Alaskan Journal Part 2

Jet lag is a mixture of good and bad news. The bad news is that we were wide awake at an obscenely early hour and the good news is that gave me the excuse to be on the shore of nearby lake with my camera at 5 am. After that little adventure and a good breakfast we headed due to Seward on the Kenai Peninsula, stopping off at Hope on the way. Why stop at Hope? Excellent question.
I've always been grateful for my boy scout bushcraft training as it makes me an expert in animal tracking and enables me to spot very subtle clues to an animal's presence that the untrained eye would miss. One such is this rather discrete moose print in the mud of the lake shore.
And this is the lake with the shore in question. Again, notice the wonderful backdrop to the city. The lake is about 1 mile from the centre.
Another animal signature my trained eye was able to pick up was this gnawed trunk of a tree. Obviously rabbits were around.
And, if I'm not mistaken, there's one taking an early morning dip.
Here it comes. With an oddly flat broad head for a rabbit. Maybe it's a local species?
Oops, got that wrong. It's a beaver with a piece of wood in its mouth, presumably construction material for its dam/lodge? Once I got my eye in, there were may beavers around but no dams in sight. And then it occurred to me that they weren't using a dam but had made a large lodge on the side of the lake - and I was standing on it.
A Canada Goose. Noisy, dirty birds but rather attractive in the early morning sun.
As was this pair of Lesser Scaups.

A typical view as we headed south along the Turnagain Arm. Named after good old Captain Cook who sailed up it, found it was a deadend and so had to 'turnagain' to go back. Magnificant sea and mountain scapes all the way.

We made a 15 mile detour to visit the end-of-the-road township of Hope. During the gold rush years of early last century, some 25,000 people lived here. Nowadays the number is around 150. And some of these are very strange. So strange that we wondered if this was one of them. I'm sure it was waving it's flag as we drove passed.
I got quite excited when I saw this bird in the distance as I thought it was some sort of woodpecker. Not so, it's an American Robin. About twice as big as ours and, to my mind, not very robiny at all.
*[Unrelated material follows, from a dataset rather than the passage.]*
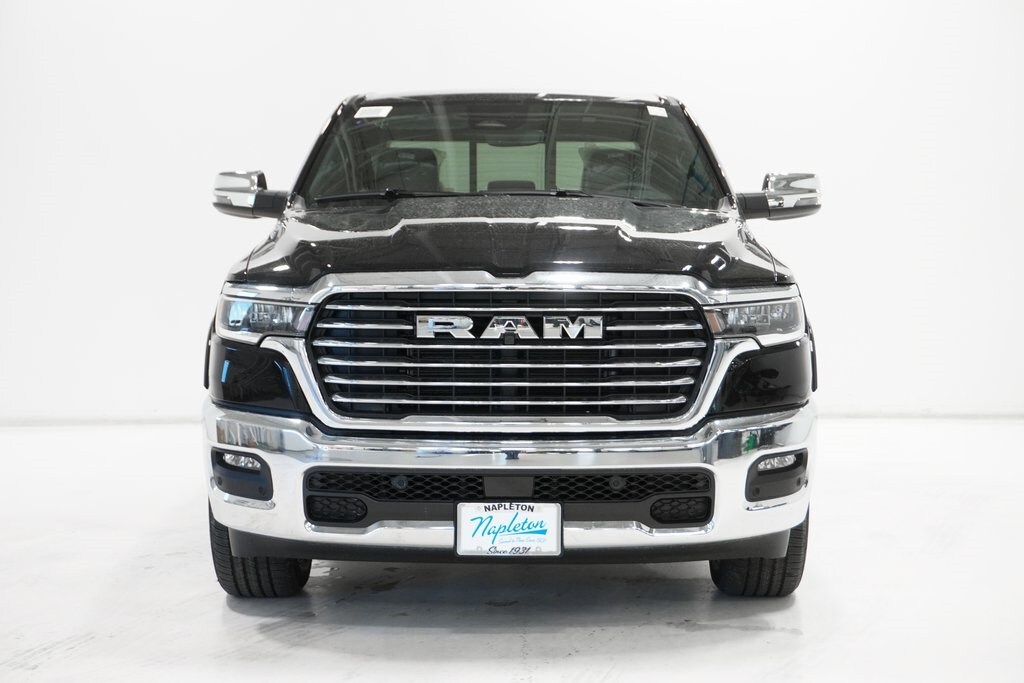 2025 Ram 1500 Laramie photo 2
I doubt if this one would ever be seem bob-bob-bobbing along.
Way out of Hope and up a track that was a bit of a white -knuckle ride was a 'recreational mining area' where some people (yes, they are all men) still pan for gold. They can use one of two permitted methods. The first is the traditional pan and sift: the second, as is shown above, uses a petrol driven pump to push water through a sieve. As the 'miner, seems to spend a lot of his time in a wetsuit in the water, it strikes me as a very wet and cold way to earn a few dollars and I certainly wasn't tempted to join them. There were 5 or 6 men in this stretch of the river plying their trade...
...much to the bemusement of this Harlequin Duck.